I live here. He walks now. I kiss him. Often. He doesn’t complain. (Shocking.)
But also…. he doesn’t say it.
The L–word. Not that I need it–not like I used to when I was sixteen and hopelessly in love with the idea of love. Now? I just want honesty. A sign. A label maybe. A roadmap. Not because I’m clingy. Hell no.
But because… I’ve fallen. Hard. Steven McLeon–the ex–racer, ex–underwear model, ex–brooding mess–is now the man I make pancakes for in the morning while yelling at him for not wearing socks. The man I kiss before bed and pretend I don’t want to drag into said bed for reasons beyond PG–13.
And what are we? Something more than friends.
Not quite lovers. Kissing–roommates–with–emotional–support?
It’s weird. Wonderful. Confusing. I told him last week that I wasn’t expecting anything. And I meant it. Kind of. Maybe. Sort of.
But I’m not blind. I see the way he looks at me when he thinks I’m not watching.
Like I’m not just the woman who helped him stand. But the one who helped him rise.
And that’s terrifying. Because what if he wakes up one day, fully healed, and realizes he doesn’t need me anymore?
What if I was just a chapter in his comeback story? Today he stood two full steps without my help. I didn’t scream. I didn’t cry.

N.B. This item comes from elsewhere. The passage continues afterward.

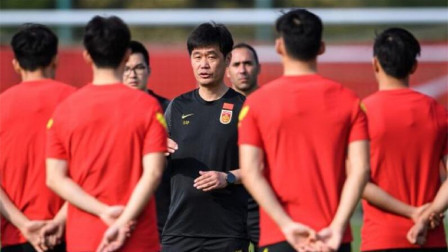 中国男足冲击2022世界杯 国足对沙特23人大名单：蒋光太在列，吴曦停赛，童磊穿7号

I just smiled–that big, watery smile that betrays everything I pretend to hide. Then I made him mint ice cream (gross) and pretended not to watch his every move like a proud momma bear- slash–situationship girlfriend.
But God, I’m proud of him.
Not just for walking–but for surviving. For letting me in. For letting himself smile again.
Even if he hasn’t said the words yet… Even if he just kisses me like I’m the air he breathes and says nothing after…
I know. I know what it feels like when he touches me. I know the love in his silence. The confession in every kiss. The truth in the way he lets me hog the blanket and wear his shirts.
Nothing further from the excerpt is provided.